= McAfrika =

Burger sold by McDonald's

The McAfrika was a hamburger sold by the fast food restaurant chain McDonald's in Norway and Denmark as a Limited Edition Olympic Games Burger. It attracted significant public criticism as a result of its name and the timing of its launch.

==Product==
The McAfrika sandwich contained beef, cheese, and tomatoes wrapped in pita bread. McDonald's claimed it was based upon an authentic African recipe.

==Public reaction==
The McAfrika was released in 2002, just as a major famine was occurring in Malawi, Zimbabwe, Mozambique, Zambia, Lesotho and Swaziland. The name of the burger was immediately criticized for being grossly insensitive, especially since it was released in Norway, one of the richest nations in the world.

Norwegian Church Aid and the Norwegian Red Cross, which were both conducting humanitarian operations in southern Africa at the time, said that McDonald's decision was insensitive, crass and ill-considered. Linn Aas-Hansen said that "it's inappropriate and distasteful to launch a hamburger called McAfrika when large portions of southern Africa are on the verge of starvation." CARE Norway demanded that McDonald's withdraw the burger. In particular, Norwegian Church Aid protested the McAfrika burgers by giving out "catastrophe crackers" to customers entering Norwegian McDonald's outlets.

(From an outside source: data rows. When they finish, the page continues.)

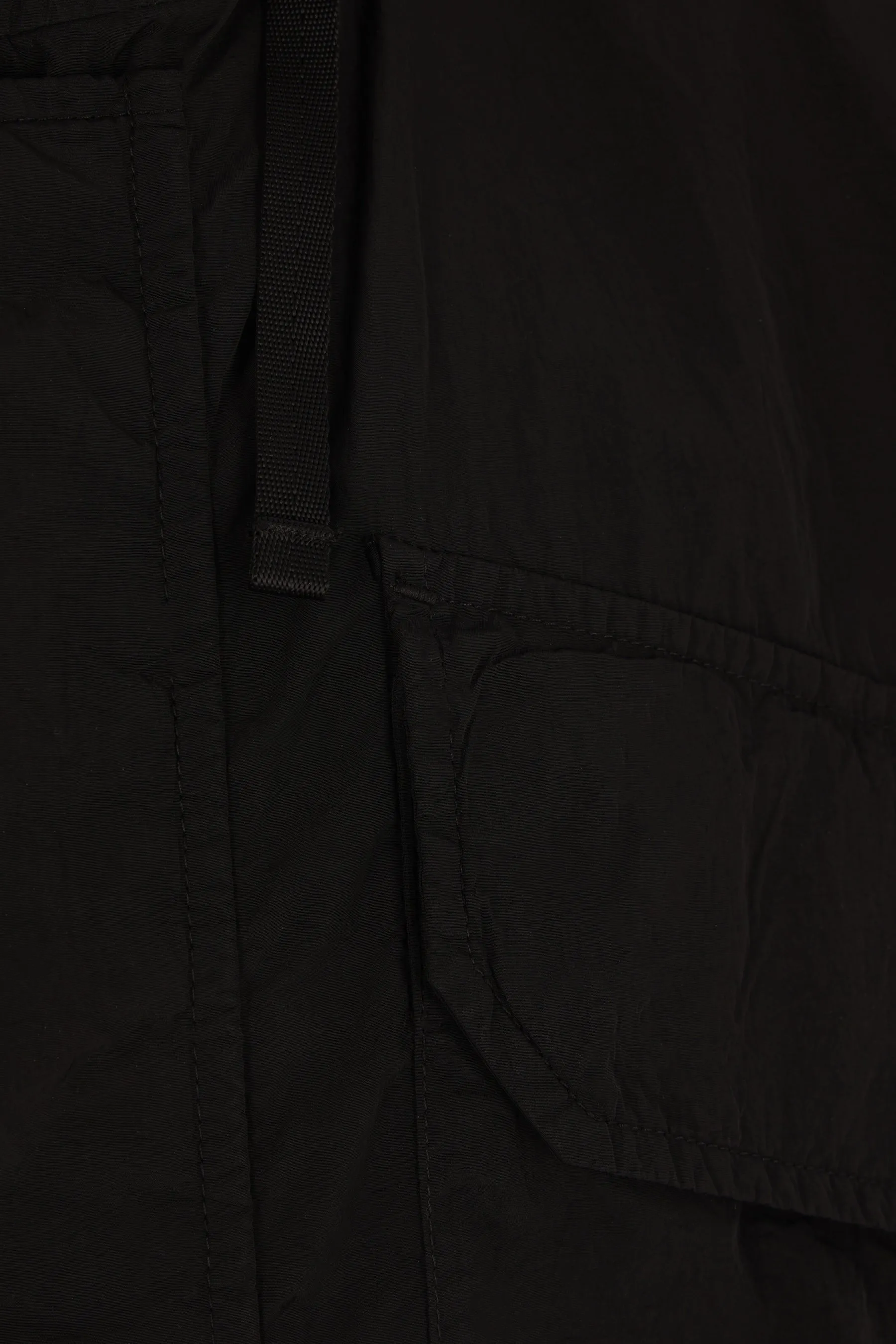 Chrome-R nylon windbreaker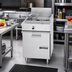 Thumbnail image #2 for Garland 36E Series 24-Inch Electric Heavy Duty Range Match Fryer, 70 lb Capacity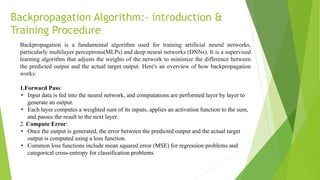 Artificial Neural Network for machine learning | PDF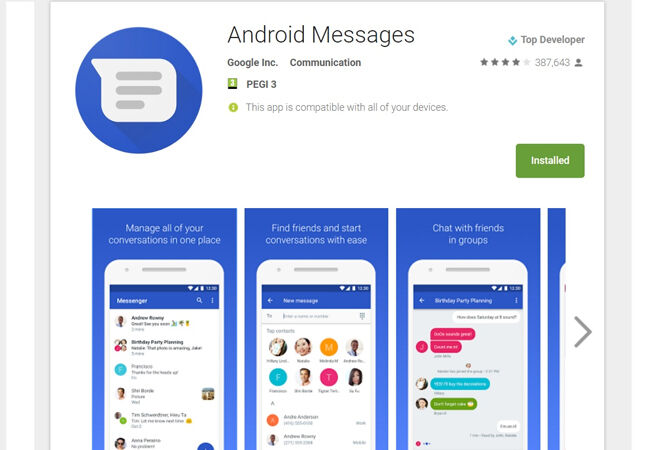 android-messages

Support for McDonald's came from the organization African Youth in Norway who appreciated Africa's name being used in a positive manner instead of as a continent of war and poverty.

==McDonald's response==
McDonald's did not withdraw the burger, instead offering it until September 2002, just as planned in its campaign. However, as a conciliatory gesture, it allowed aid agencies to put up posters and donation boxes in McDonald's restaurants where the McAfrika was being sold. Furthermore, McDonald's spokesperson Margaret Brusletto apologized for the timing of the launch, saying "We acknowledge that we have chosen an unfortunate time to launch this new product."

==2008 re-launch==
The McAfrika was re-launched in 2008 to promote the 2008 Beijing Olympics for a short time, and attracted a similarly negative response.